[Mailman-Users] Migrating from YahooGroups to Mailman
Greg Ward
gward at mems-exchange.org
Tue Jul 31 22:46:19 CEST 2001
On 31 July 2001, Bradford Shaw said:
> I would also be interested in this. We just moved a large list off of
> yahoogroups to its own server and Yahoo refuses to cooperate in letting us
> have the archived messages (over 2 years worth at approx 1500 per month).
I've just poked around groups.yahoo.com a bit, and it looks like this is
doable (but painful). From any message, you can hit the "View source"

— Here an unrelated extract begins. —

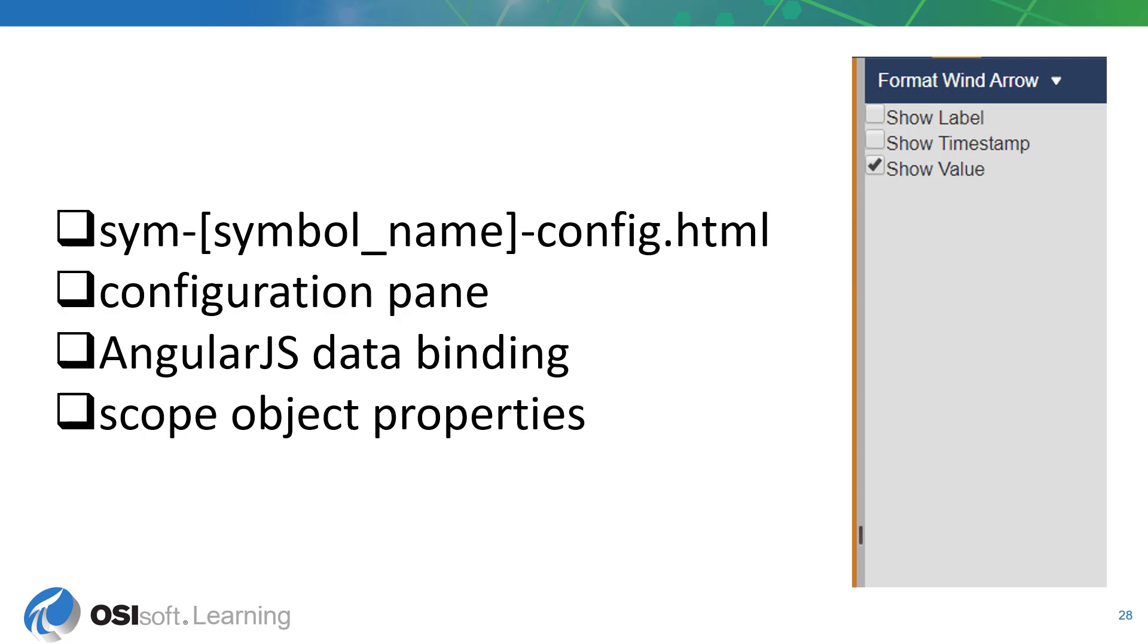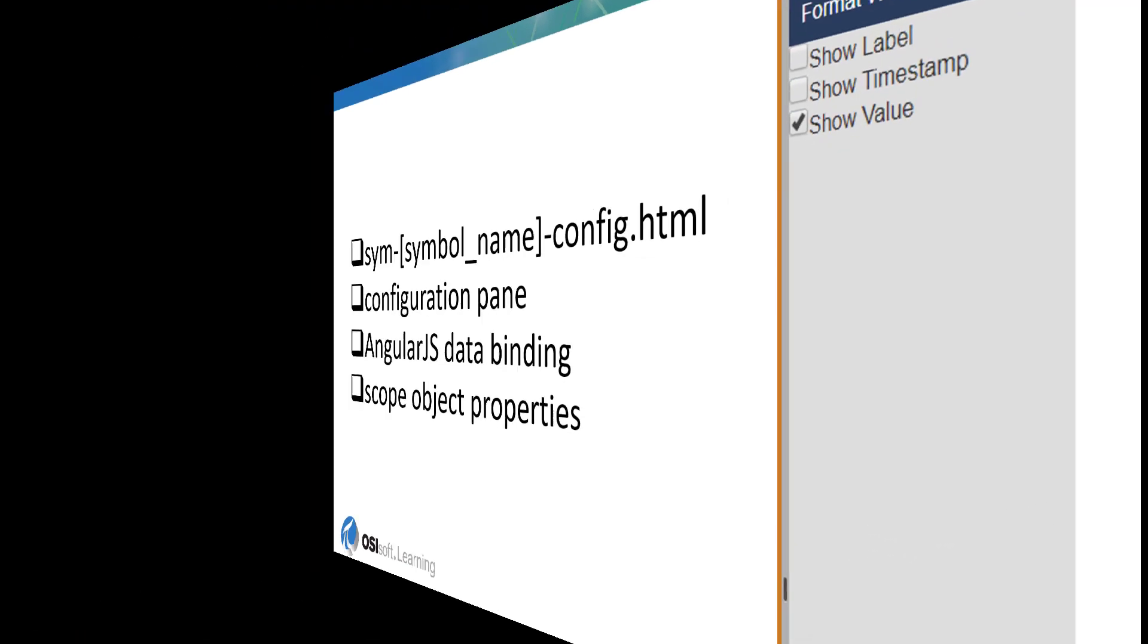This HTML file is a template file that has available to it the symbol scope object just like the presentation layer HTML file. You can also use any AngularJS directives or markup in conjunction with the scope object properties within this file.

link. This takes you to a page like
http://groups.yahoo.com/group/NucNews/message/3859?source=1
(message 3859 of the "NucNews" list).
The good news:
* the URL is dead easy to generate, eg. here's Python code to suck
the entire archives for a list, one HTML file per message:
url_template = "http://groups.yahoo.com/group/%s/message/%d?source=1"
group_name = "NucNews"
num_messages = 3887 # every message page has this
for msg_num in xrange(num_messages):
url = url_template % (group_name, msg_num)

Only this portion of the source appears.